You can see the rest of this (now quite epic) series here or here.

Wednesday, 18 August 2010

Libertine

i.
I am practising being a dead man walking - exactly the kind of game that it's easy to emerge from, carrying on, figuring that you are determined to stop those who want to spread extremism, hatred, zen.
Libertarianism is just one step away from anarchy, they said. And it is. But it's also one step away from independence and getting out of the shelters of altitudes; the atmospheric pressure. Life is not easy here, where space is on the other side, the outside.


ii.
One man smiled and said I am worried that there's something not quite kosher going on here.
But I am enough of an artist to draw freely upon my imagination, and imagination is more important than wondering on the inside.


* * *

I am just one step away, and sometimes it's nice to speak in tongues that are not my own.

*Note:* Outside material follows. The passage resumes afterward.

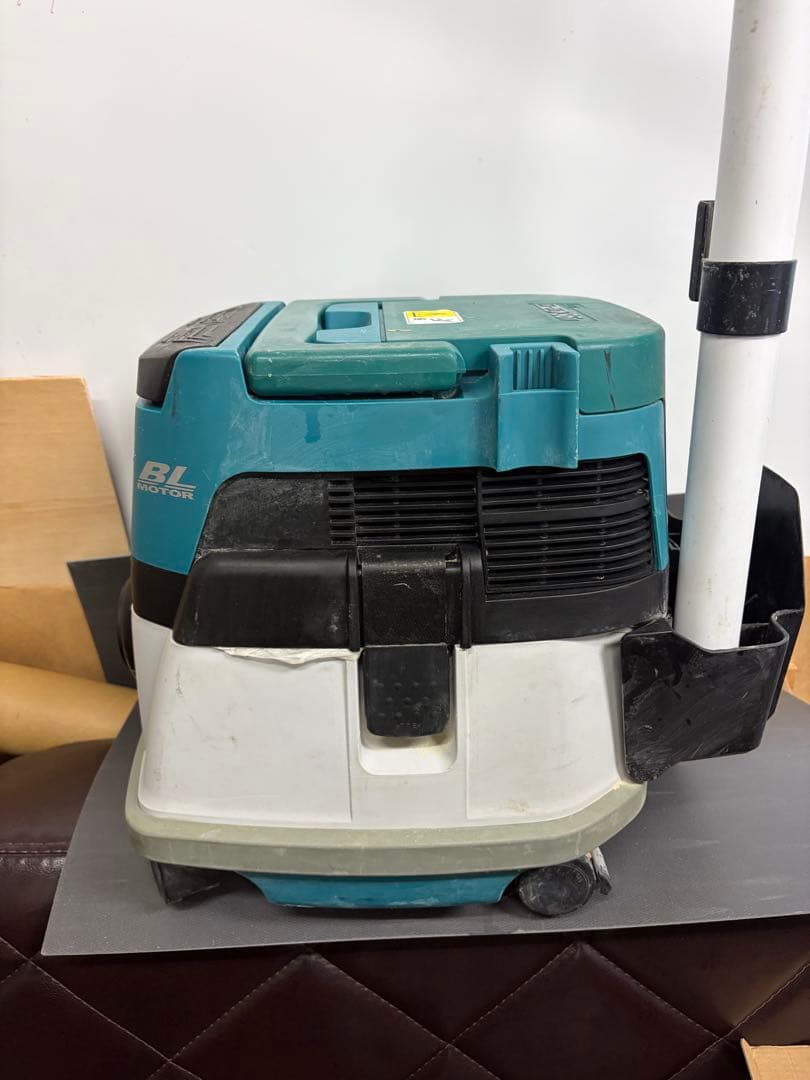 Makita BL MOTOR 36V キャニスター掃除機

This is my first attempt at a poegle, made from the phrase 'I am just one step away'.
Made for fun, really; I'm just trying anything and everything to distract myself from thinking about the impending doom of my A2 exam results tomorrow.

Sunday, 15 August 2010

.juno

.

Summer seeps back into focus once again, and Juno
spends the moonless nights bending back into spilt-
oil images of sleep, lulled slick in a gulf cradle. She
dreams of tar babies, dredged from the deep, sucking
thumbs and fingers that spread oceanwide with the tide.
Each cry is sunken to a slumber, whilst someone shuffles
and mumbles excuses about fishbones caught in throats
and how no-one knew nightmares could float on water.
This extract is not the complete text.